Nyamata Church Memorial

First stop: the Nyamata Church memorial. During the genocide, more than 10,000 people sought shelter inside this church. They believed they would be safe in a house of worship. They were not. The building was breached with grenades.

Original gate blasted with grenades during the genocide
The original gate, blasted open with grenades

The church has been preserved as a memorial. Walking inside, the first thing you notice is the clothing. Piles of it, draped over every pew, stacked along the walls. These are the clothes of the people who died here. Left exactly as they were found. The fabric is faded, worn by time, but the volume of it tells you immediately what happened in this one building. The scale doesn't require interpretation.

Other gate with piles of clothes and altar visible inside
The other gate, with piles of clothes and the altar visible inside
View through the church entrance into the dark interior where piles of victims' clothing are visible near the altar and stained glass window
Looking inside the church -- piles of victims' clothing visible near the altar

At the front, the altar cloth is still stained with blood. It has not been cleaned. It is not meant to be cleaned. It is evidence. It is a memorial in its own right.

Beneath the church is a mass grave containing more than 10,000 unidentified remains. We went down. The remains are arranged on shelves, row after row. The different methods of death are visible — bullet wounds, machete marks, blunt force trauma from hammers and clubs. Each skull, each bone, belonged to someone specific. Someone with a name and a family and a life, who came to this church looking for safety. None of them could be identified afterward. They remain anonymous in the basement of the place where they died.

Rows of skulls arranged on metal shelves in the mass grave beneath Nyamata Church, many showing visible fractures and damage
Skulls showing how each person was killed -- machete marks, bullet wounds, blunt force trauma
Skulls on an upper shelf with hundreds of long bones densely packed on shelves below in the Nyamata mass grave
Skulls and bones -- nobody could be identified
Narrow corridor between shelving units stacked floor to ceiling with skulls and bones in the underground mass grave at Nyamata Church
Half the bones you walk by in the mass grave

My academic training gives me language and context for this. It does not prepare you for the physical reality of it. The smell of the earth. The quiet. The weight of being in that room.

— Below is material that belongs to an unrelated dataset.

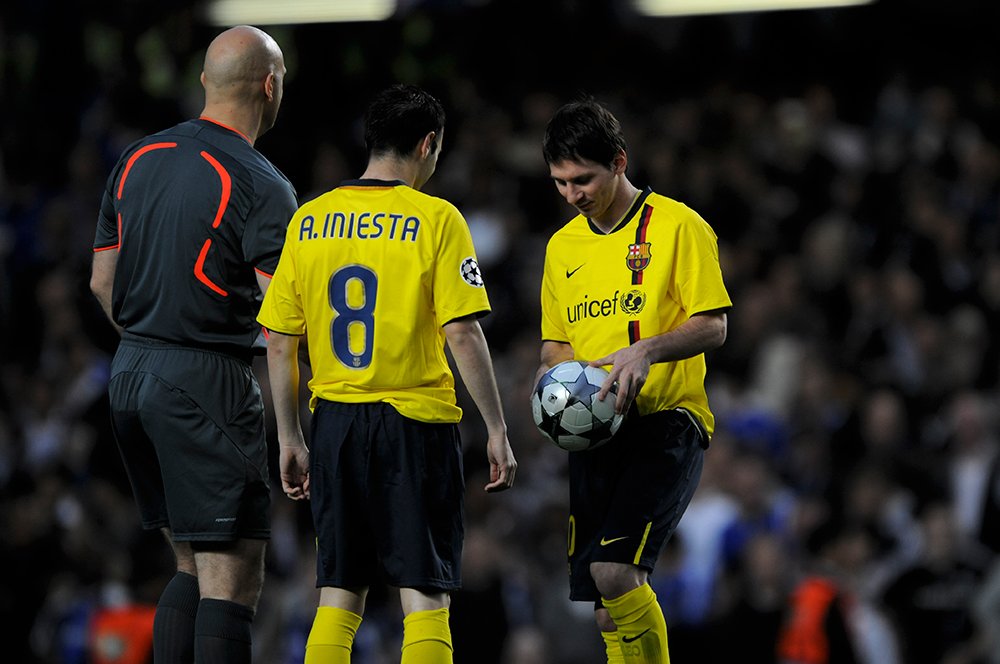 08-09シーズンのイニエスタとメッシ ©Takuya Sugiyama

Two years of graduate study in Holocaust and Genocide Studies, and you are still not prepared. That gap is probably necessary. If you could prepare for it fully, something would be wrong.

The Millennium Village

After the memorial, we visited a UN-supported farm as part of the Millennium Village project. The farmer we spoke with explained what the support had changed. Before the program, subsistence farming — just enough to feed his family with nothing left. Now, with improved techniques and resources, he produces enough to sell at market. He has health insurance. His children are in school. Things that hadn't been possible before.

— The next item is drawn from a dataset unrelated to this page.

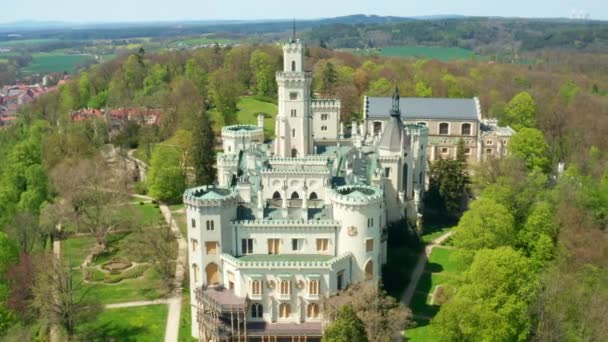 Vuelta del castillo histórico Hluboka nad Vltavou en la República Checa, vista arial. — Vídeo de stock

Harvested crops displayed in bowls on a table -- corn, beans, peanuts, and grains from the farm
The farmer's harvest on display -- corn, beans, peanuts, and grains
Large bunch of green bananas growing on a banana plant on the farm
A bunch of green bananas growing on the farm
Close-up of hands peeling a cassava root with a knife on the farm
Peeling cassava root for everyone to try

Straightforward conversation about practical progress. No speeches. Just a man describing what changed and what it meant for his kids. After the morning we'd had, that was exactly what I needed to hear.

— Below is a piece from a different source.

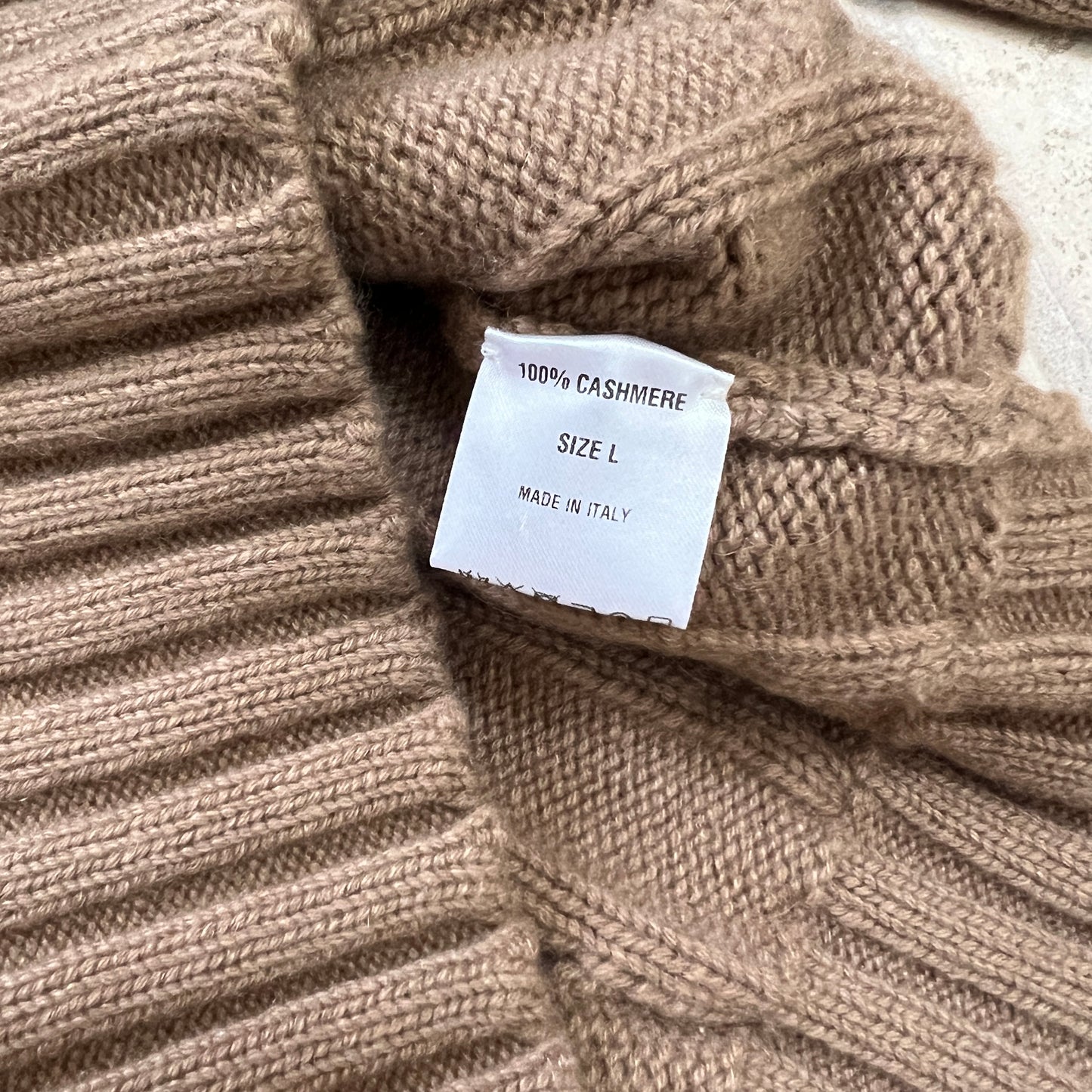 Bergdorf Goodman Cashmere Crewneck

School compound with long single-story classroom buildings, sandy grounds, and trees
The primary school compound
Visitors sitting at wooden desks inside a village classroom with a blackboard and educational posters on the walls
Inside a classroom -- sitting at the students' desks
The Mayange Health Center building, a brick structure with people outside the entrance
The Mayange Health Center
A traveler posing with local women and children at the Mayange Health Center
Posing with local women and children at the health center

The Reconciliation Village

Last stop: a reconciliation village. A community where genocide survivors and released perpetrators live as neighbors. Worth writing twice: people who survived the genocide and people who participated in it live side by side. They share a village. They share resources. They are building something together.

Nobody pretends this is simple. Perpetrators went through the gacaca court system — confessed their crimes, served their sentences, were released. The reconciliation villages are one model for what comes after that. The premise is that coexistence, however painful, is the only viable path forward in a small, densely populated country where everyone is already someone's neighbor.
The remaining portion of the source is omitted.